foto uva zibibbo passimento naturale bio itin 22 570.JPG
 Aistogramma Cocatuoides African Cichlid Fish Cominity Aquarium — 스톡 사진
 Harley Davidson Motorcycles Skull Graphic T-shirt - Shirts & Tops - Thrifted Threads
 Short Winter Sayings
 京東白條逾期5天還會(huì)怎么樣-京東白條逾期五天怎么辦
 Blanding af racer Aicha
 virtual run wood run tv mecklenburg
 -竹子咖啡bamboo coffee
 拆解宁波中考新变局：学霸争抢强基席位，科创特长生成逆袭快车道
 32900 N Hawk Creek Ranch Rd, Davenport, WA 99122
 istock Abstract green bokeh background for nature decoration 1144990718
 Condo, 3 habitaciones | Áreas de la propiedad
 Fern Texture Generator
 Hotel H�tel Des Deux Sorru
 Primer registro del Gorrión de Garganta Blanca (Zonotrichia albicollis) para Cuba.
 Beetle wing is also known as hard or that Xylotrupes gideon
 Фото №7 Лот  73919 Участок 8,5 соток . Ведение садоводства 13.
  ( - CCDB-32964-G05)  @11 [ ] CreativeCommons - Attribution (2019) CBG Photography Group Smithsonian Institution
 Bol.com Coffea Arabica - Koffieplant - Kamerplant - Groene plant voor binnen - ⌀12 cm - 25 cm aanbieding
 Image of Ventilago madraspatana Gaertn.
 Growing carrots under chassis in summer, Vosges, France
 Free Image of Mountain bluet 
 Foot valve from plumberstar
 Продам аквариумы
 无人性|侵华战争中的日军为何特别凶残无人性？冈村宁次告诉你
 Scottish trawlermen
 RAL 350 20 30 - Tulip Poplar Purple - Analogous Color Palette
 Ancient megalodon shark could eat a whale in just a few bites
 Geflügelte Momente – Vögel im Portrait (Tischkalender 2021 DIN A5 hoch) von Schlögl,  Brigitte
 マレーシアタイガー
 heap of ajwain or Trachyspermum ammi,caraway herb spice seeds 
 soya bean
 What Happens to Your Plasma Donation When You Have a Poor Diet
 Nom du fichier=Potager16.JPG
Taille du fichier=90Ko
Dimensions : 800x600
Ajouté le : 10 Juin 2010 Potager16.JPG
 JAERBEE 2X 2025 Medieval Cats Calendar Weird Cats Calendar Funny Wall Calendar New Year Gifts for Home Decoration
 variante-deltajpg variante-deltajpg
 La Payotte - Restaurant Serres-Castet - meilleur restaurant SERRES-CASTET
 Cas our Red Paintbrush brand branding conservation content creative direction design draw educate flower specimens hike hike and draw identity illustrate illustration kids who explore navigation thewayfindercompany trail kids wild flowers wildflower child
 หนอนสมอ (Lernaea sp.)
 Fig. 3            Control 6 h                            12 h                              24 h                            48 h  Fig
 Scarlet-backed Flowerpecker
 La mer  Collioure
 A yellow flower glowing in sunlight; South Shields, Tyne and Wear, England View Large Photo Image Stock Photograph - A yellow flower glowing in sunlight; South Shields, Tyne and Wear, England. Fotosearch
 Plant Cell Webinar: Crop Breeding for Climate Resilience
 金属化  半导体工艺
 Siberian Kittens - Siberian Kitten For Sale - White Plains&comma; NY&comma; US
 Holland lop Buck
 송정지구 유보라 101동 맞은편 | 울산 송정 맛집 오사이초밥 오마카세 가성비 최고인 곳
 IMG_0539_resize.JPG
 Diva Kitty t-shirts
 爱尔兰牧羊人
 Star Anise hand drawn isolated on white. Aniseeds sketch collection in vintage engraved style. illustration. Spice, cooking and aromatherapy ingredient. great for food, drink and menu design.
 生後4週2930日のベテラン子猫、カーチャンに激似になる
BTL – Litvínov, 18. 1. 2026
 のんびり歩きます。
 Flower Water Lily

> [ACTIVITY]:
Give again, exactly as written, the lines running from the first line of the data above through the line that contains "32900 N Hawk".

> [THE COMPLETED TASK]:
foto uva zibibbo passimento naturale bio itin 22 570.JPG
 Aistogramma Cocatuoides African Cichlid Fish Cominity Aquarium — 스톡 사진
 Harley Davidson Motorcycles Skull Graphic T-shirt - Shirts & Tops - Thrifted Threads
 Short Winter Sayings
 京東白條逾期5天還會(huì)怎么樣-京東白條逾期五天怎么辦
 Blanding af racer Aicha
 virtual run wood run tv mecklenburg
 -竹子咖啡bamboo coffee
 拆解宁波中考新变局：学霸争抢强基席位，科创特长生成逆袭快车道
 32900 N Hawk Creek Ranch Rd, Davenport, WA 99122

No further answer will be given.